六, cache design1, consider the benefits and costs of caching (1) Revenue: Accelerate reading and writing and reduce back-end load. (2) Cost: data inconsistency, code maintenance cost, redis operation and maintenance cost. 2, cache update strategy (1) Strategy: LRU/LFU/FIFO algorithm culling, timeout culling, and active update. (2) Recommendation: Low-consistency services can be configured in the form of maximum memory and elimination policies. High-consistency services can be combined with timeout culling and active update. 3, cache granularity control 4, penetration optimization (1) Cache empty objects to prevent the back-end load from being increased when querying data that does not exist in a data layer. To prevent empty objects from occupying memory, an expiration time can be set. (2) Bloom filter interception. 5, bottomless optimization (1) Bottomless hole means that more nodes do not represent higher performance, because the network overhead of one batch operation will increase, and the number of network connections will have a certain impact on node performance. (2) Optimize batch operation mode: serial command, serial IO, parallel IO, hash_tag. 6, the avalanche problem (1) Ensure that the cache layer is highly available. (2) The customer service department is downgraded. 7, hot key problem (1) The hotkey key has a large amount of concurrency. After the expiration, the rebuild cache cannot be completed in a short time, which may cause a large number of threads to rebuild the cache and increase the backend load. (1) Mutexes (allowing only one thread to rebuild the cache), "Never expire" can solve the problem to some extent, developers need to understand their own use costs.

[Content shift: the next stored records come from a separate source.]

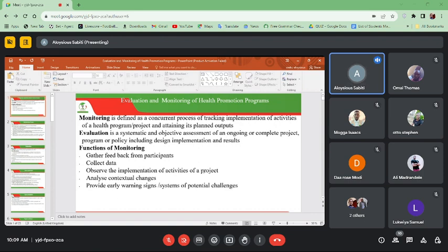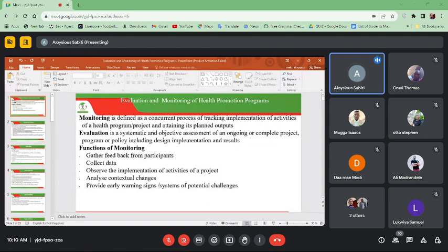Some of the functions of monitoring include gathering feedback from participants. After you've delivered your health communication or health education message, you should be able to gather feedback from the participants — for example, asking whether there are any questions, comments on the previous discussion, what needs to be added to the message, or what other issues affect the community that you should provide information about in the next meeting.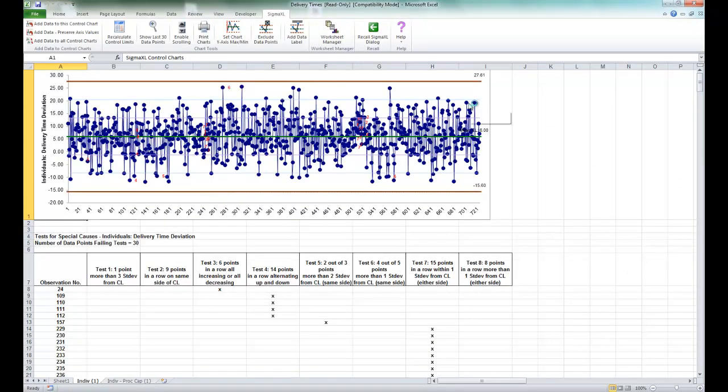Now you'll see that the resulting chart is shown. Some of the tests for special causes are indicated on the chart. If more than one test fails, the number corresponds to the first failed test.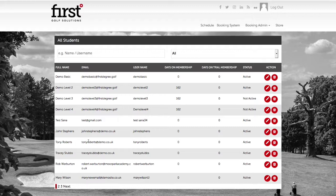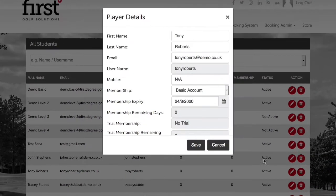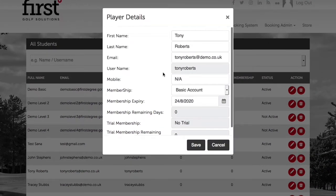Tony Roberts has come into our front of house area and indicated that he's having trouble logging into his account and he requires his username. We can give him his username by clicking on the edit icon, and we can see the username visible.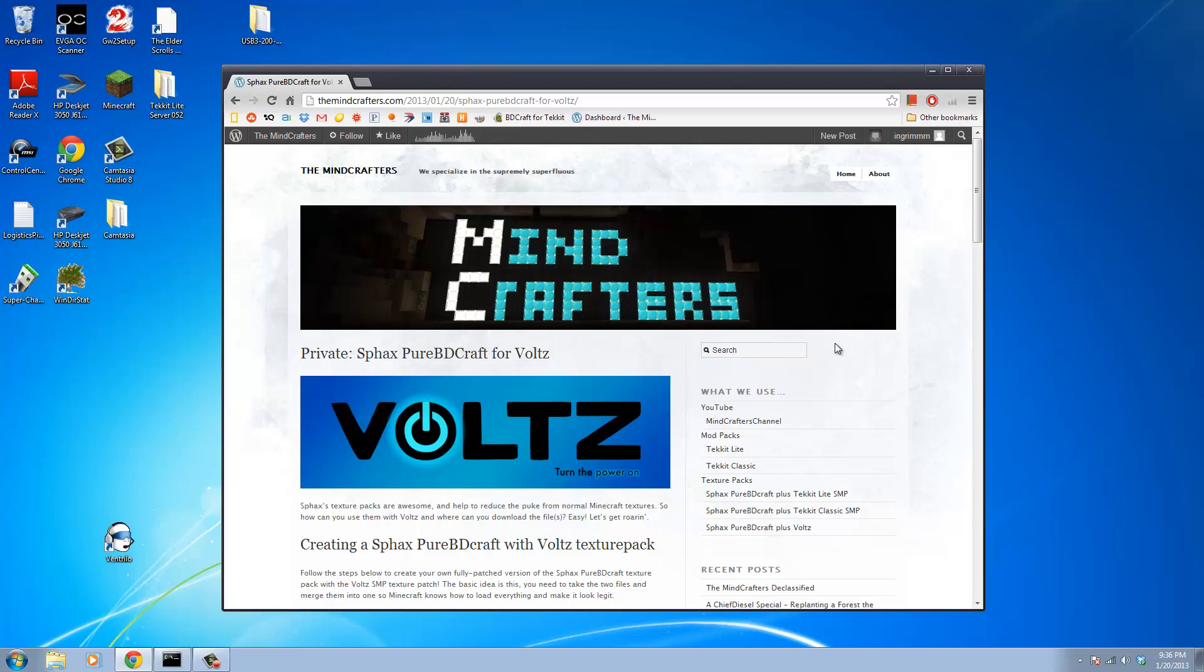Today I'm going to show you guys how to install SFax's Pure BDCraft Texture Pack with support for the Volts Mod Pack, which is part of the Technic Launcher.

七, linux configuration optimization1, memory allocation control, set vm.overcommit_memory=1, indicating that the kernel allows excessive use of memory until it is used up. 2, swap control, set vm.swappiness, you can view the swap usage in real time, to prevent the system from converting the redis memory part into swap or redis directly killed when the memory is insufficient. 3. Disable Transparent HugePage. Otherwise, after the fork operation, each memory page will change from 4KB to 2MB, which will increase the rewrite memory consumption. At the same time, the copy memory page caused by each write command is enlarged by 512 times, causing the write operation to be slow. 4. Set ulimit -n The maximum number of files that the current user can open at the same time (the redis connection belongs to the file handle), which can increase the maximum number of redis connections. 5. Set tcp-backlog to be greater than the tcp-backlog of redis.